Sudikerta Kaget Dituntut 15 Tahun Penjara
GOOGLE NEWS
BERITABALI.COM, DENPASAR.
Kasus yang menjerat mantan Wakil Gubernur Bali, I Ketut Sudikerta dengan pihak bos Maspion Grup membutnya langsung 'shock' saat mendengar tuntutan hukuman dari tim Jaksa Penuntut Umum (JPU).
Sidang yang digelar di ruang Kartika, Pengadilan Negeri Denpasar, Kamis (12/12) Jaksa Eddy Artha Wijaya,SH dkk, mengajukan hukuman untuk Sudikerta cukup bikin pengunjung sidang kaget dan tidak menyangka.
"Memohon kepada majelis hakim untuk menjatuhkan hukuman pidana penjara kepada terdakwa selama lima belas tahun penjara dipotong selama terdakwa berada dalam tahanan. Menjatuhkan pidana denda sebesar Rp.5 miliar dan subsider enam bulan kurungan," baca Jaksa Eddy mewakili tim JPU.
Masih dalam amar tuntutannya, JPU di hadapan majelis hakim yang diketuai Esthar Oktavi,SH.MH menyatakan bahwa Sudikerta telah bersalah dengan sengaja melawan hukum sebagaimana diatur pada Pasal 378 KUHP Jo Pasal 55 ayat (1) ke-1 KUHP, sebagaimana dalam dakwaan pertama.
"Menyatakan terdakwa bersalah sebagaimana dalam dakwaan kedua, melanggar Pasal 3 UU RI.No.8 tahun 2010 tentang pencegahan dan pembrantasan tindak pidana pencucian uang," sambung Jaksa dari Kejati Bali di muka sidang.
Sudikerta yang sejak awal begitu seksama mendengarkan tim JPU membacakan tuntutan hukumannya, hanya bisa terdiam dan sambil menggelengkan kepala begitu ditegaskan lamanya hukuman penjara yang diajukan ke majelis hakim.
Menanggapi tuntutan JPU, pihaknya melalui kuasa hukum akan mengajukan pembelaan secara tertulis yang akan dituangkan dibacakan langsung olehnya pada agenda sidang lanjutan.
Sebagaimana tertuang dalam dakwaan kasus ini berawal pada 2013 lalu saat Maspion Grup melalui anak perusahaannya PT Marindo Investama ditawarkan tanah seluas 38.650 m2 (SHM 5048/Jimbaran) dan 3.300 m2 (SHM 16249/Jimbaran) yang berlokasi di Desa Balangan, Jimbaran, Kuta Selatan, Badung oleh Sudikerta.
Tanah ini disebut berada di bawah perusahaan PT Pecatu Bangun Gemilang, dimana istri Sudikerta, Ida Ayu Ketut Sri Sumiantini menjabat selaku Komisaris Utama.
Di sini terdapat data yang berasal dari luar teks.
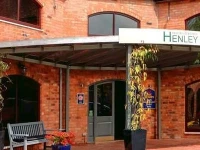 Henley Hotel 3*
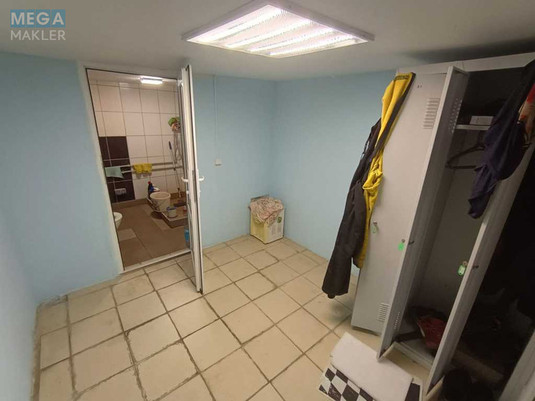 Продаж комерційної нерухомості, 270&nbsp;кв.м, <a class="location-link" href="/kiev/" title="Недвижимость Київ">Київ</a>, <a class="location-link" href="/kiev/desnyanskij/" title="Недвижимость Деснянський район">Деснянський р-н</a>, Пухівська вул., 2 (изображение 23)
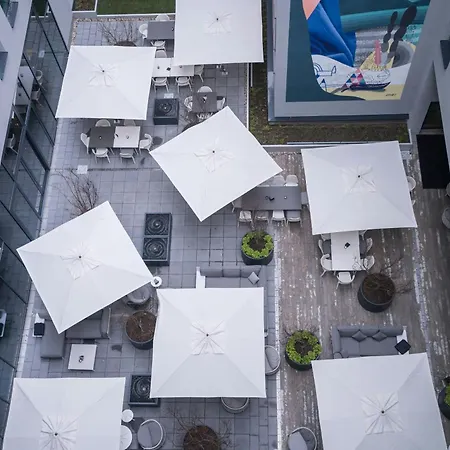 Motel One Berlin-Alexanderplatz-2
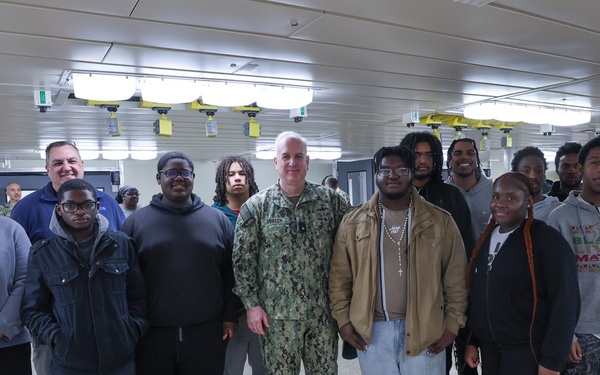 Oscar Smith High School Seniors Visit USNS Cody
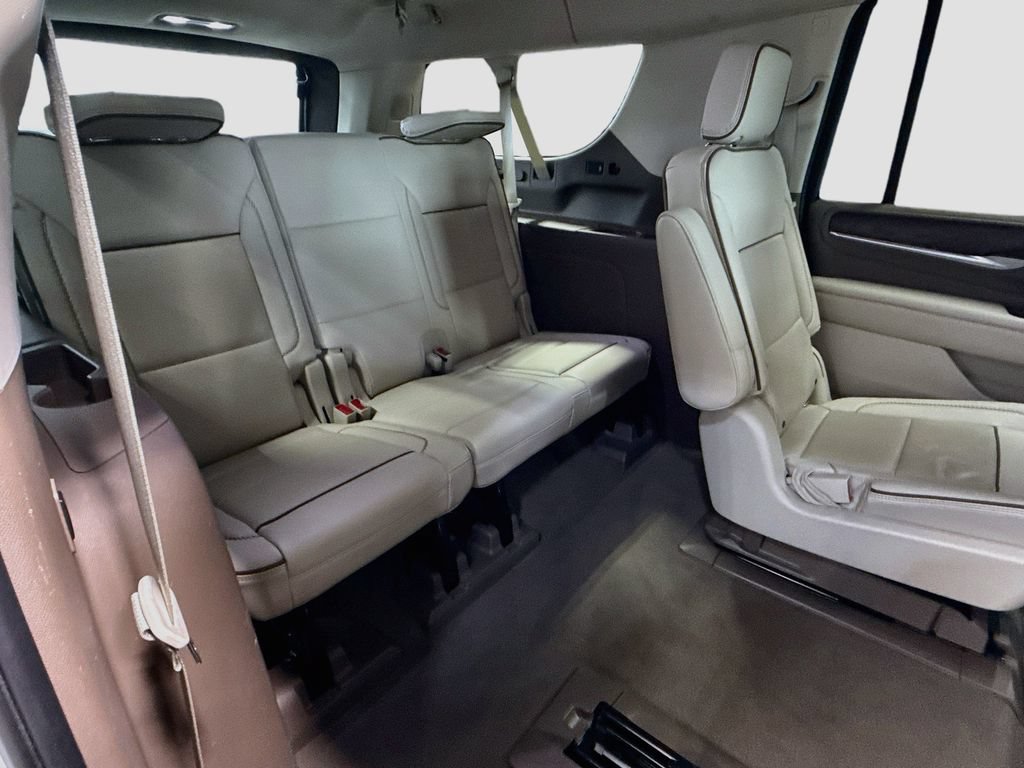 Used 2021 GMC Yukon XL Denali AWD/4WD image 28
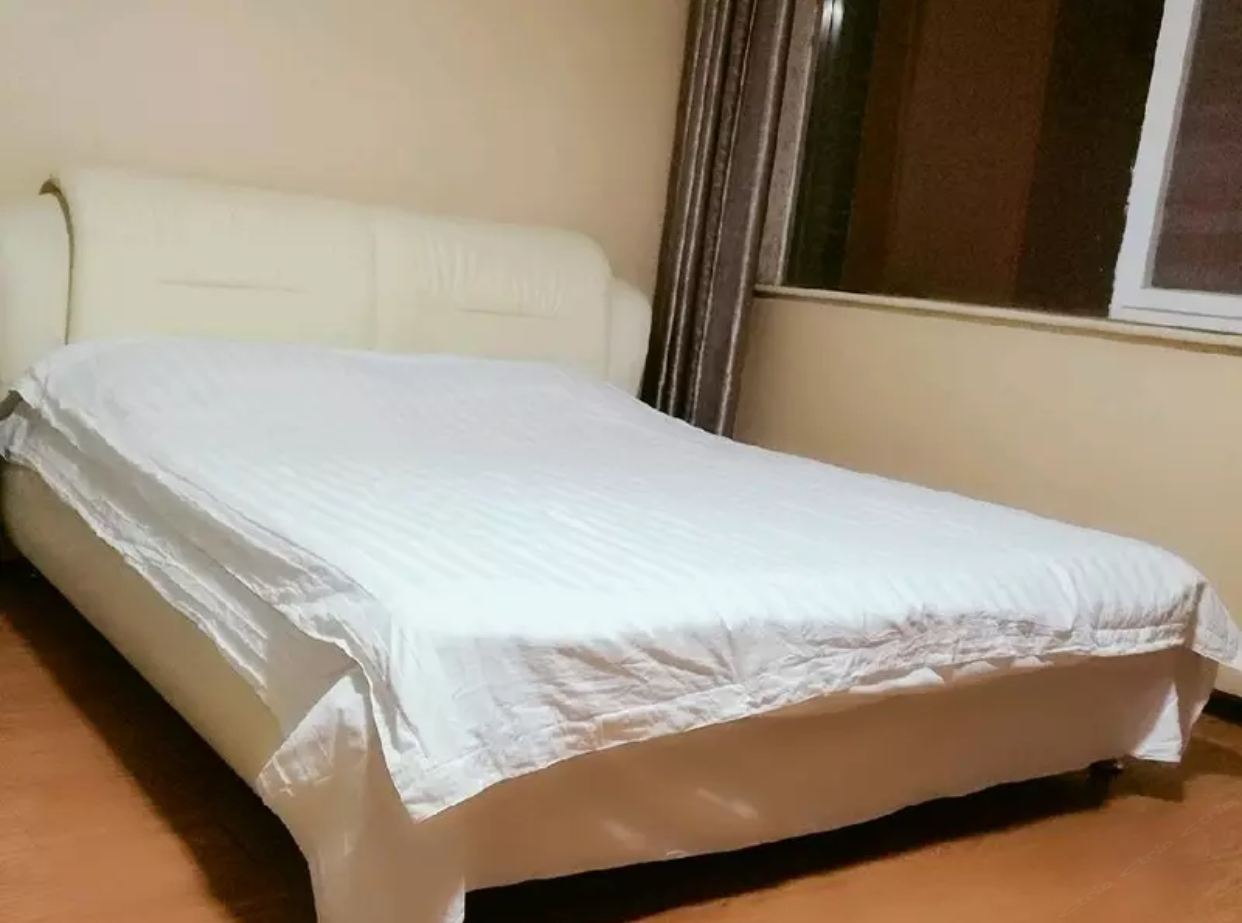 豪华大床房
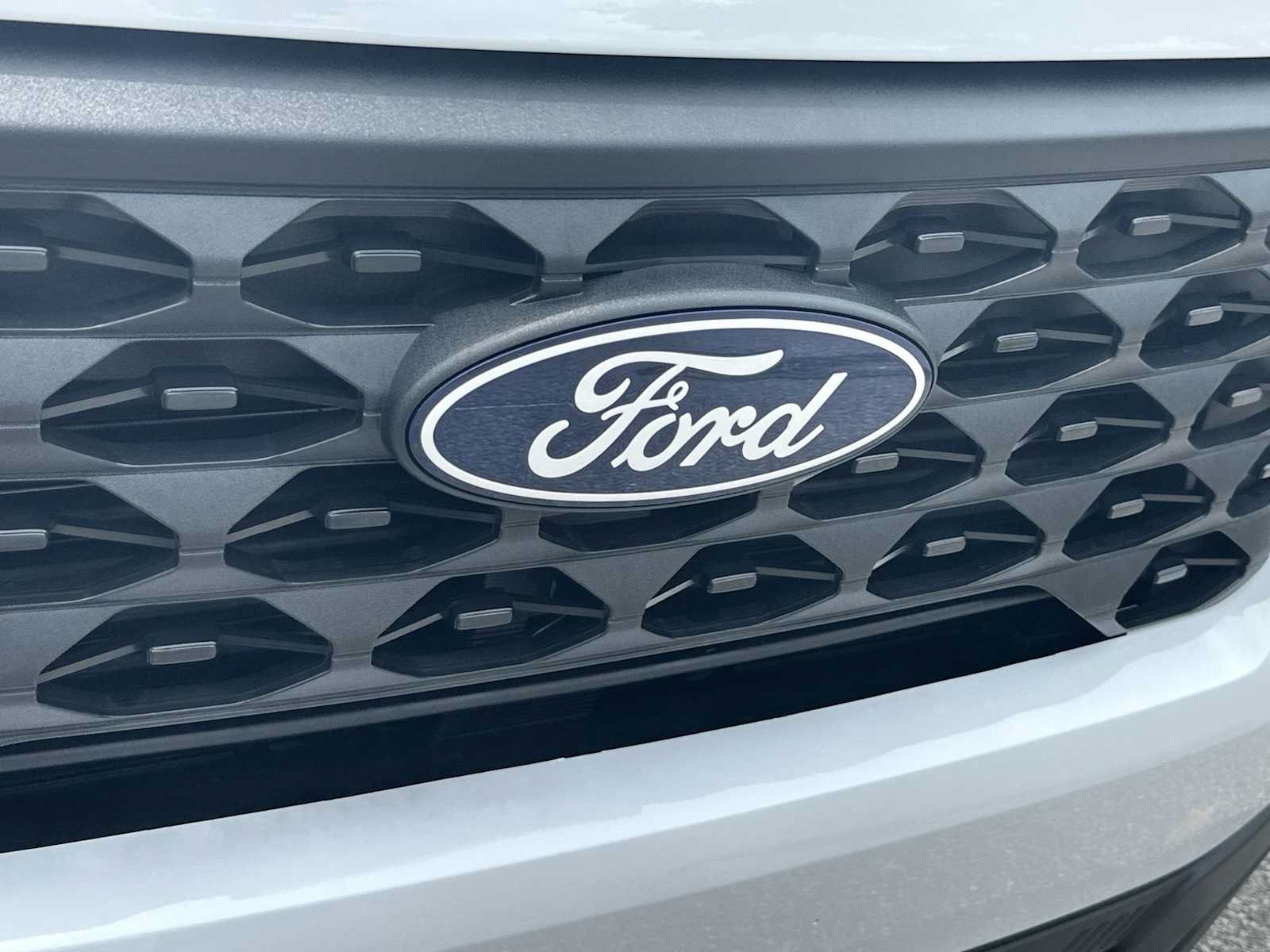Used 2026 Ford Maverick XL FWD image 10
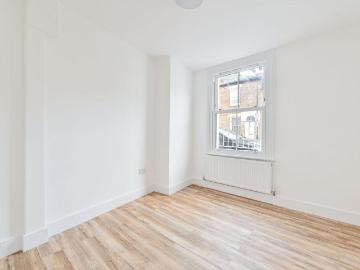 Stephendale Road, Sands End, London, SW6 2 bed flat to rent £3,452 pcm £797 pw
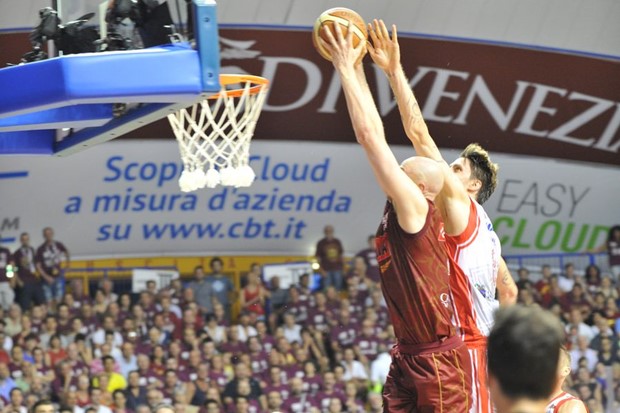 Perićeva Venezia napravila veliki korak prema osvajanju FIBA Europskog kupa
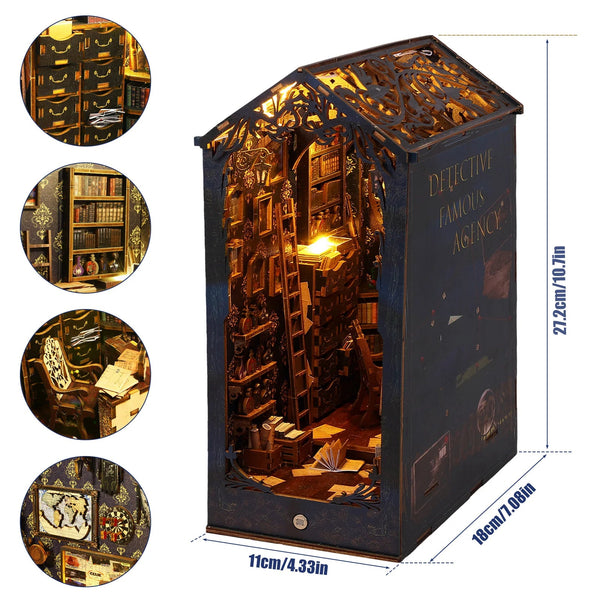 Détail des étagères et livres miniatures de La Bibliothèque Retrouvée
Sementara Direktur Utama dijabat Gunawan Priambodo.
Setelah melewati proses negosiasi dan pengecekan tanah, akhirnya PT Marindo Investama tertarik membeli tanah tersebut seharga Rp 150 miliar. Transaksi pun dilakukan pada akhir 2013.
Namun beberapa bulan setelah transaksi justru baru diketahui jika SHM 5048/Jimbaran dengan luas tanah 38.650 m2 merupakan sertifikat palsu. Sedangkan SHM 16249 seluas 3.300 m2 sudah dijual lagi ke pihak lain. Akibat penipuan ini, PT Marindo Investama mengalami kerugian Rp 150 miliar.
Usai sidang, Sudikerta menegaskan bahwa kasus ini hanya persoalan bisnis.
"Saya tekankan ini masalah bisnis. Tidak ada masalah soal hubungan dengan APBD, jadi bukan masalah korupsi," singkatnya.